** Instructions for the task **
Return the lines that run from the line containing "Villetta bifamiliare con" through the end of the entries, both ends included. Leave out all pictures.

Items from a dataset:
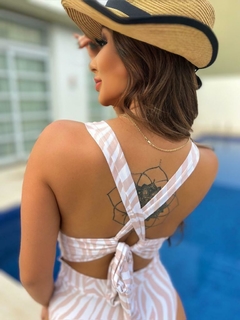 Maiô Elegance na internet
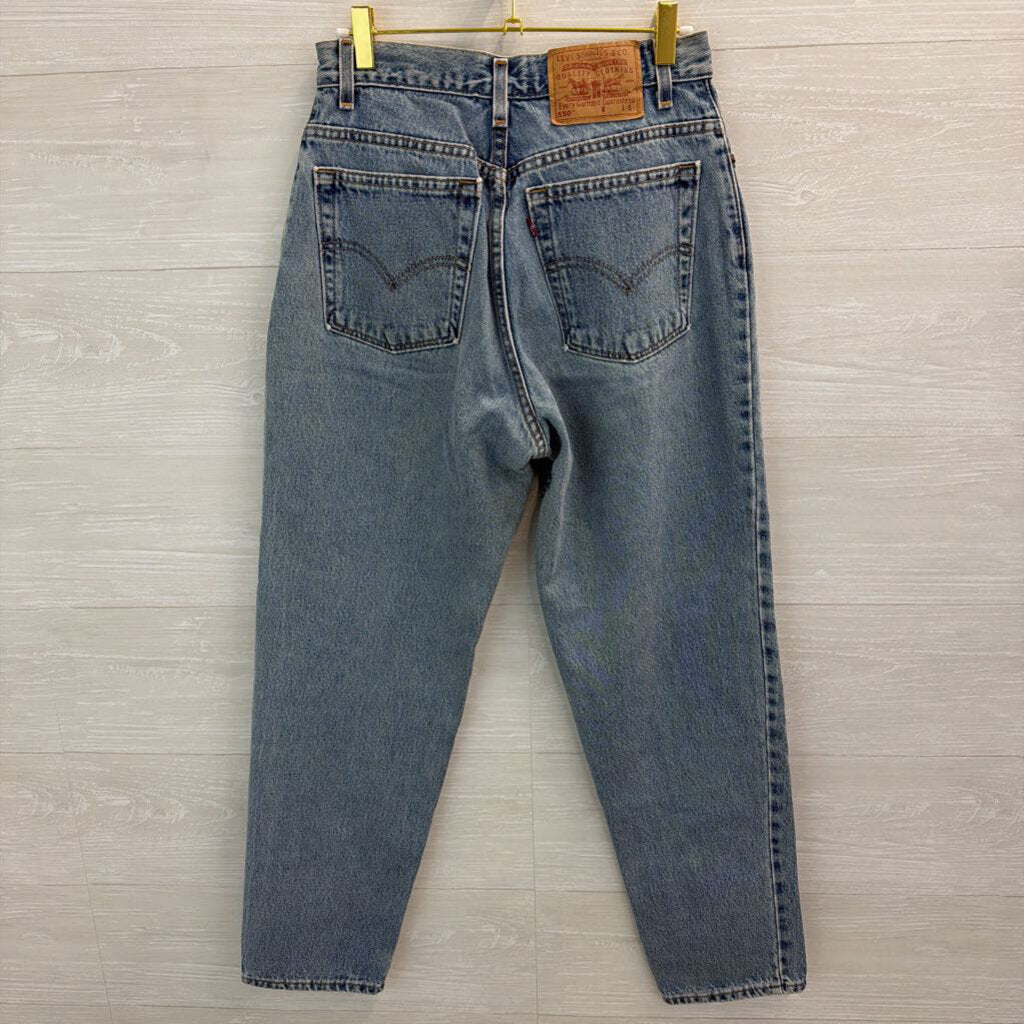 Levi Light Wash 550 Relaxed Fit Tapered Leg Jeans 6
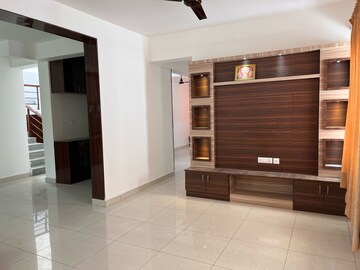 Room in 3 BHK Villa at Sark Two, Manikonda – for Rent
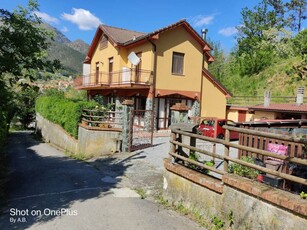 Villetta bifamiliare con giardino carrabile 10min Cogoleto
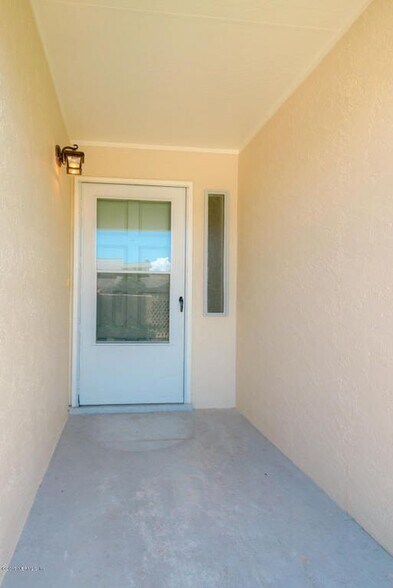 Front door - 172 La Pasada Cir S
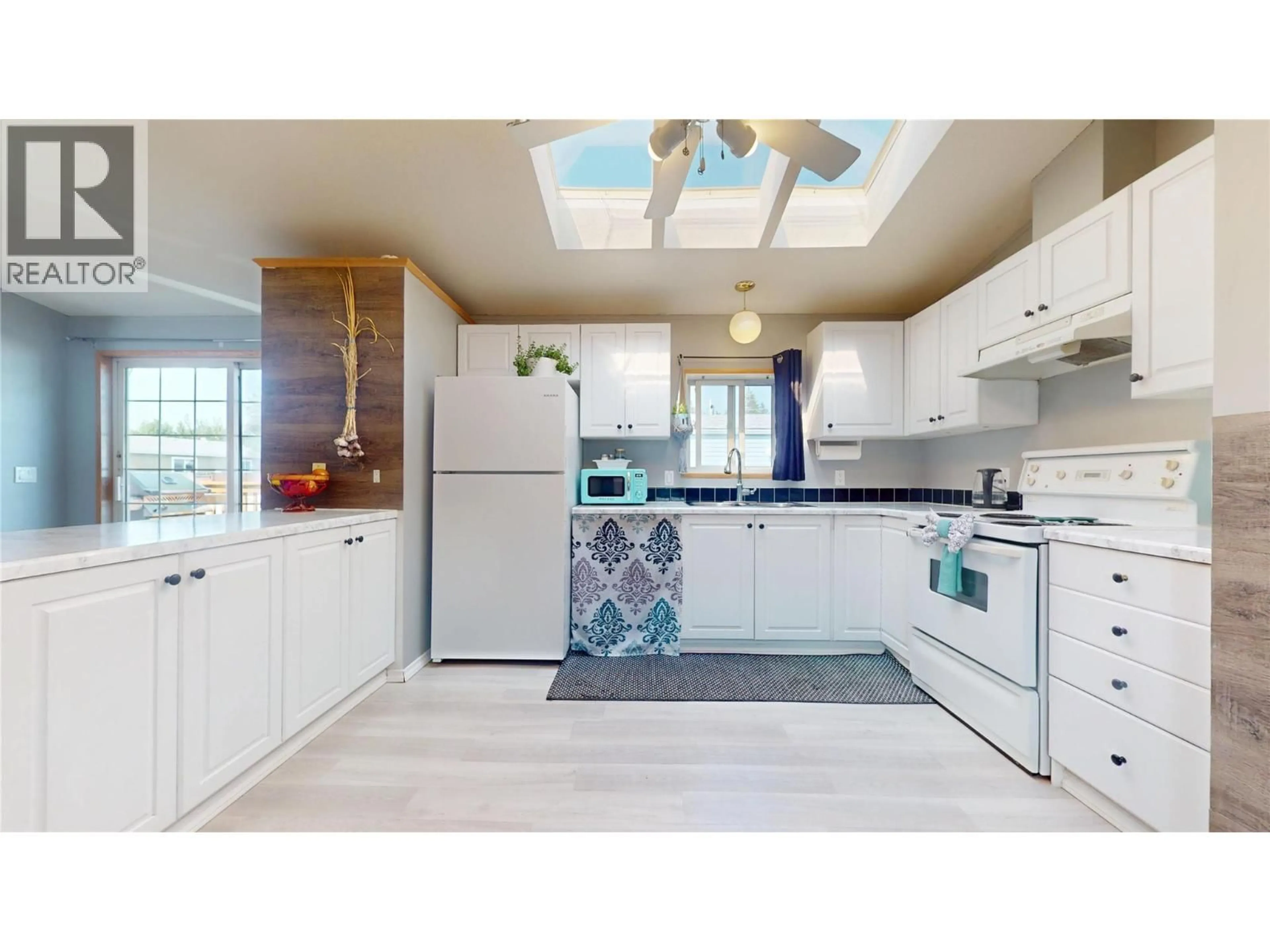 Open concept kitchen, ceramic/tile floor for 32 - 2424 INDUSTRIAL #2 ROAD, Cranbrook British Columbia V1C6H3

** Answer to the problem **
 Villetta bifamiliare con giardino carrabile 10min Cogoleto
 Front door - 172 La Pasada Cir S
 Open concept kitchen, ceramic/tile floor for 32 - 2424 INDUSTRIAL #2 ROAD, Cranbrook British Columbia V1C6H3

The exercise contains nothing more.